[DATA RECORDS]

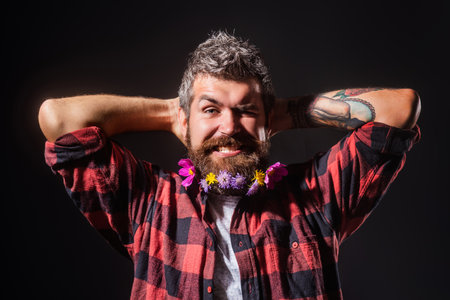 A bearded man with a decorated beard for the Spring holiday. Flower in the beard. Male prickly...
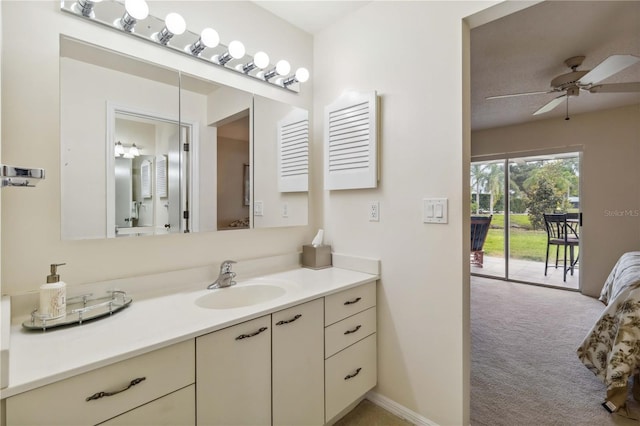 bathroom featuring vanity and ceiling fan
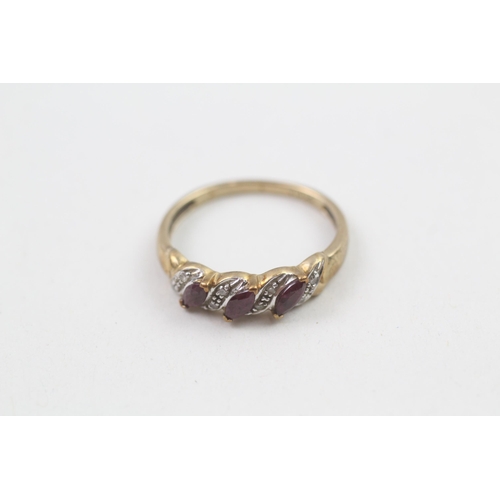 57 - 9ct gold ruby and diamond faux twist ring (2.1g) Size  P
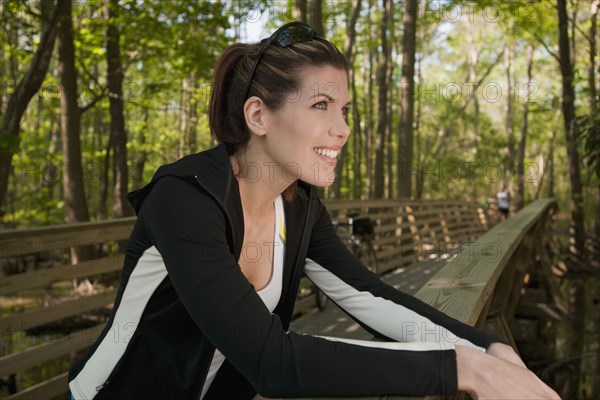 Mixed race woman leaning on bridge railing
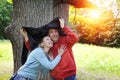 Man and the woman near an oak hide from a rain in the summer day Royalty Free Stock Photo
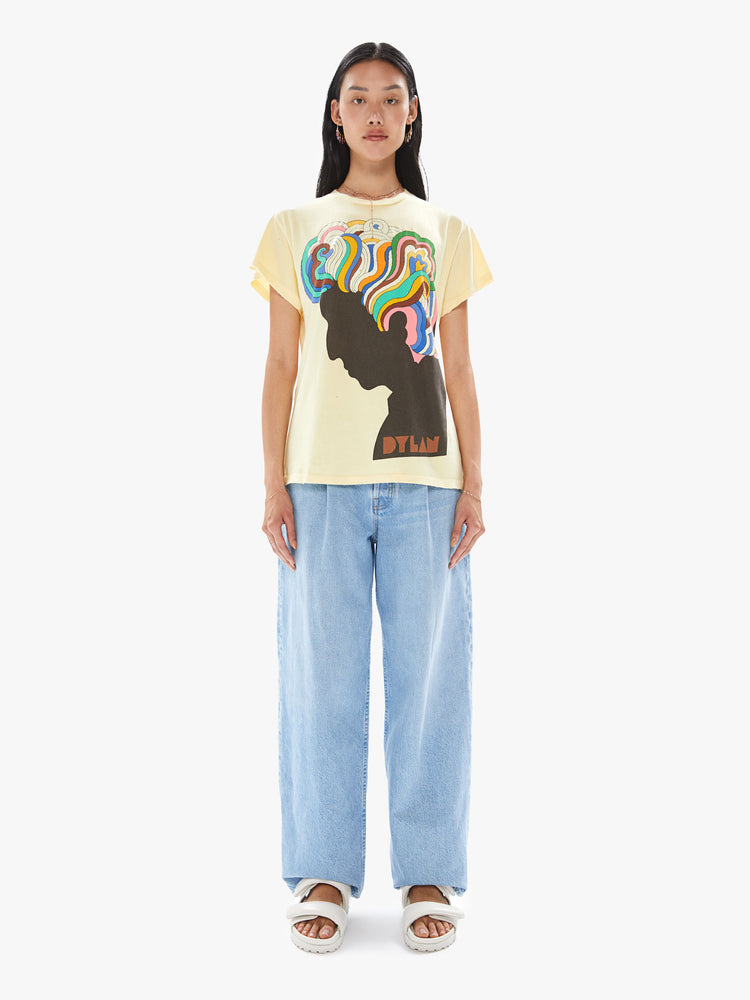 Front full body view of a woman wearing a faded yellow crew neck tee with a large colorful Bob Dylan graphic.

[/DATA RECORDS]

# TASK:
Copy everything in the listing above exactly except the pictures.

# EXERCISE ANSWER:
 A bearded man with a decorated beard for the Spring holiday. Flower in the beard. Male prickly...
 bathroom featuring vanity and ceiling fan
 57 - 9ct gold ruby and diamond faux twist ring (2.1g) Size  P
 Mixed race woman leaning on bridge railing
 Man and the woman near an oak hide from a rain in the summer day Royalty Free Stock Photo
 Front full body view of a woman wearing a faded yellow crew neck tee with a large colorful Bob Dylan graphic.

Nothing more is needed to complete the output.